At its zenith, Siyaka's kingdom extended from Banswara in north to the Narmada River in south, and from Khetaka-mandala (present-day Kheda / Mahi River) in the west to Vidisha area (Betwa River) in the east.

According to the Paramara court poet Padmagupta, Siyaka was a Rajarshi ("king-sage"): he retired as an ascetic, after which he wore clothes made of grass. Tilaka-Manjari, a work composed by Dhanapala (the court poet of Siyaka's son Munja), suggests that Siyaka was a devotee of the goddess Lakshmi (Sri).
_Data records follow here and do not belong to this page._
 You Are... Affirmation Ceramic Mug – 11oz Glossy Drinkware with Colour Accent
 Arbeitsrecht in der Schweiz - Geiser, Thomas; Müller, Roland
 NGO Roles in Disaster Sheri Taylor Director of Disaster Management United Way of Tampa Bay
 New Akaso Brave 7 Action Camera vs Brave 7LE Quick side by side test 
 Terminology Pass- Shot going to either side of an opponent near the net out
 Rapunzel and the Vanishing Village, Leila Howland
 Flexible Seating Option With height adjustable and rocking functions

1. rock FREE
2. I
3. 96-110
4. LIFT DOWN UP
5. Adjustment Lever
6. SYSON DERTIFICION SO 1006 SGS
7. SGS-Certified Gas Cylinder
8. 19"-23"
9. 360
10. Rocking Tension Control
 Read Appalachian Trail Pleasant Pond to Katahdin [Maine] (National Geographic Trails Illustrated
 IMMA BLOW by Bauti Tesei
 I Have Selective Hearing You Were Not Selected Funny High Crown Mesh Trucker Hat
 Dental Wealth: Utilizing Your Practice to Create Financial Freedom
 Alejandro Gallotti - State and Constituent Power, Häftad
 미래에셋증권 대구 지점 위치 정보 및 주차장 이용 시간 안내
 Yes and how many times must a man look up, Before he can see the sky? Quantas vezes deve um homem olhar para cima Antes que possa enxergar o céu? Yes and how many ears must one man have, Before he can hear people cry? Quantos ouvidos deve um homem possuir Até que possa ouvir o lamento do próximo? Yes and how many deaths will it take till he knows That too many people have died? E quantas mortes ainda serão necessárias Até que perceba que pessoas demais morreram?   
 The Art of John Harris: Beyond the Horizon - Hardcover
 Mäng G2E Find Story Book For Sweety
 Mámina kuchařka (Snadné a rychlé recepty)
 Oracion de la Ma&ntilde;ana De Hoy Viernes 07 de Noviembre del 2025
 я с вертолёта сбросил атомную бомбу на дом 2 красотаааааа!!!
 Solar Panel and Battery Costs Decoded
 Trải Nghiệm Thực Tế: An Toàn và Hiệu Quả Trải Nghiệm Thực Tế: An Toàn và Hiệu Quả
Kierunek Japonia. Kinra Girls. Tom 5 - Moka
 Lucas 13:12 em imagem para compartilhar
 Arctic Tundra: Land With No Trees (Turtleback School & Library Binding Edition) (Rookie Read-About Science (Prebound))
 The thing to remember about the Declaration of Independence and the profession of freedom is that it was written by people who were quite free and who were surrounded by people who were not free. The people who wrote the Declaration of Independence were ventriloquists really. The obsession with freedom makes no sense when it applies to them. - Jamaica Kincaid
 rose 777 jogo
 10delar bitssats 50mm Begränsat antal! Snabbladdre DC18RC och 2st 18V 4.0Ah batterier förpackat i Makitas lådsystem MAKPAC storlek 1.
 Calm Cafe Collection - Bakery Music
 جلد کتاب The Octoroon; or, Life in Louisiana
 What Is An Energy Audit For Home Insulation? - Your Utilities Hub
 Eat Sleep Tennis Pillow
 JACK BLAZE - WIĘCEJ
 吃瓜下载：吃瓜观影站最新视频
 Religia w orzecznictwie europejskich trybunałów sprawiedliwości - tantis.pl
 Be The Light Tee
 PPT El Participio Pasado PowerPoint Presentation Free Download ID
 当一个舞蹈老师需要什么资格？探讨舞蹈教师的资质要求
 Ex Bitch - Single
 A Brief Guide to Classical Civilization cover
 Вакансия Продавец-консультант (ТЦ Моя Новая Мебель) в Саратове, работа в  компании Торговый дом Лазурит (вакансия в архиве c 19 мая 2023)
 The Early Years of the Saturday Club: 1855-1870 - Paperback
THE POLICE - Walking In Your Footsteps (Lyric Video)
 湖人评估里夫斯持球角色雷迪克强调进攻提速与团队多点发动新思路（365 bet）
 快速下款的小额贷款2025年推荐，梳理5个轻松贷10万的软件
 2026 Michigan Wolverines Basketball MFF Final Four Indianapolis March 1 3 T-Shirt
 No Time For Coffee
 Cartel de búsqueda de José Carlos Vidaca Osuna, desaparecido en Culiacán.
Siyaka and his queen Vadaja had two sons: Munja-raja (alias Vakpati) and Sindhu-raja. Siyaka sacked Manyakheta in c. 972 CE, and his successor Munja's earliest inscription is dated 974 CE, so Siyaka must have retired or died somewhere between 972 and 974 CE.

== Inscriptions ==

Following inscriptions of Siyaka have been discovered. All of these record grants, and are written in Sanskrit language and Nagari script.

=== 949 Harsola copper plates ===

This inscription, issued on 31 January 949 CE, was discovered in the possession of a Visnagar Brahmin of Harsol in the 20th century. It suggests that Siyaka was a Rashtrakuta feudatory in his early years. It records the grants of two villages to a Nagar Brahmin father-son duo of Anandpura (identified with Vadnagar). The villages - Kumbharotaka and Sihaka - are identified with the modern villages of Kamrod and Sika.The dapaka or the officer-in-charge of registering the grants was a Thakkura named Vishnu.

=== 969 Ahmedabad copper plate ===

This fragmentary inscription, issued on 14 October 969 CE, was in the possession of a resident of Kheda in the early 20th century. He presented it to Muni Jinavijaya of Ahmedabad's Gujarat Puratatva Mandir in 1920.

The inscription originally comprised two copper plates, of which only the second one is now available. The inscription records a grant, but the exact nature of this grant cannot be determined from the 10-line second plate. The plate depicts a Garuda (the Paramara royal emblem) in human form, about to strike a snake held in its left arm. Below the Garuda is the sign manual of the king. The name of the dapaka (the officer-in-charge of registering the grants) is mentioned as Kaṇhapaika. The same name appears in the 974 CE Dharmapuri grant of Siyaka's son Munja.